Esaurito l'effetto prodromico dell'atto di denuncia-querela, dunque, l'azione penale ricade sull'attività pubblicistica che si sovrappone a quella del denunciante-querelante: in forza del meccanismo di sovrapposizione, si recide il nesso causale fra la denuncia-querela e il danno eventualmente subito dal denunciato-querelato per essere stato sottoposto a procedimento penale malgrado innocente.

In parole più semplici, l'intervento dell'organo pubblico in qualità di reale titolare dell'esercizio dell'azione penale - a differenza del consociato che ha solo un mero potere di impulso - toglie l'effetto causale in capo al denunciante-querelante sull'inizio del procedimento penale a carico del querelato-denunciato.

Alla luce di quanto sopra, la sussistenza del dolo in capo al denunciante rappresenta l'unico elemento in grado di mantenere intatto il legame fra l'azione prodromica della denuncia-querela e l'inizio dell'azione penale.

Facendo proprie le conclusioni della Corte Suprema, il Tribunale di Salerno ha negato il diritto al risarcimento in capo ad Alfa, in considerazione del mancato raggiungimento della prova in ordine alla condotta calunniosa di Beta che avrebbe presupposto, a sua volta, la conoscenza dell'innocenza del denunciato.

Alfa, infatti, nella propria richiesta risarcitoria, si è limitata a basarsi sull'archiviazione del procedimento penale a suo carico, senza fornire alcun elemento a sostegno della sussistenza del dolo in capo a Beta, unico elemento che le avrebbe dato diritto al risarcimento.

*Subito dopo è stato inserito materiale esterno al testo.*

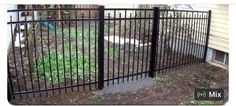 a black metal fence in front of a house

In aggiunta, il Giudicante, nella propria pronuncia, ha dato atto della complessità della vicenda dalla quale sono scaturiti più procedimenti civili - dei quali alcuni ancora pendenti al deposito della sentenza - e della quale il processo penale è stato solo un'appendice avente ad oggetto un aspetto limitato dei rapporti fra le parti.

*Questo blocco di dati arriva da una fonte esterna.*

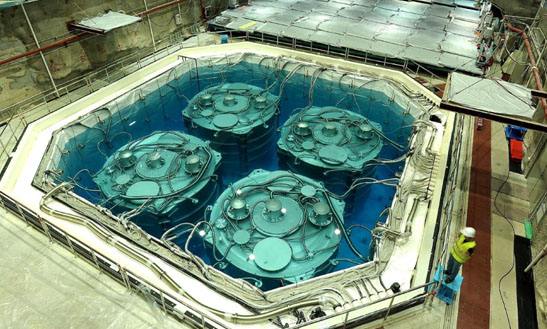 Four of the eight antineutrino detectors at the Daya Bay Neutrino Experiment, successfully installed and taking data.jpg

Fra l'altro il Tribunale di Salerno ha rilevato altresì come, nel corso delle vicissitudini giudiziarie di matrice civilistica, vi siano state anche pronunce favorevoli a Beta, elemento ritenuto sufficiente per escludere che vi fosse dolo nella stesura dell'atto di denuncia-querela o, quantomeno, che non vi fosse piena consapevolezza dell'innocenza di Alfa.

In definitiva, a detta del Giudicante, l'erronea convinzione della colpevolezza della persona accusata è sufficiente per escludere l'elemento soggettivo del reato di calunnia in capo a Beta, con conseguente pronuncia sfavorevole nei confronti dell'attore Alfa.

Osservazioni

La sentenza in esame pone un interrogativo di grande attualità, soprattutto in un periodo storico nel quale la crisi economica ha incrementato il ricorso allo strumento penale – cui i consociati possono accedere anche in maniera gratuita – rispetto a quello civile.

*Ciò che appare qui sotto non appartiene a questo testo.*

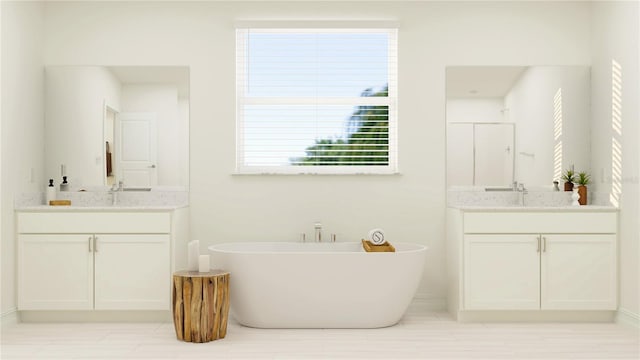 full bathroom with a freestanding bath, two vanities, baseboards, and a sink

La mera archiviazione del procedimento penale, o la sentenza assolutoria, non danno il diritto a ricevere dal denunciante-querelante alcun risarcimento da parte del denunciante-querelante e questo sulla scorta di un ragionamento di ampio respiro che affonda le proprie radici nella struttura di base del nostro sistema penale: l'esercizio dell'azione penale è demandata per legge agli organi pubblici che, di conseguenza, si assumono la responsabilità di perseguire il reato “liberando” il denunciante.

Proprio per tale ragione, ove qualcuno volesse richiedere il risarcimento dei danni subiti a causa di una denuncia infondata, dovrebbe inserire nel proprio atto tutti gli elementi idonei a provare il dolo del denunciante o, più propriamente, a provare che il denunciante conoscesse ab origine della sua innocenza.

Il mero richiamo al decreto di archiviazione, o alla sentenza di assoluzione, non è di per sé sufficiente, proprio in virtù del fatto che, con l'intervento dell'autorità pubblica, la responsabilità dell'azione penale passa dal denunciante all'organo procedente.

Spesso, infatti il coinvolgimento di un innocente in un procedimento penale con la conseguente necessità di difendersi, non discende direttamente - e in stretto rapporto causale - con la denuncia, ma dalla valutazione errata da parte del Pubblico Ministero.

Solo la denuncia calunniosa è foriera di diritti risarcitori in capo al denunciato ed è la prova dell'elemento soggettivo che deve fungere da cardine ai fini della richiesta giudiziale in sede civile.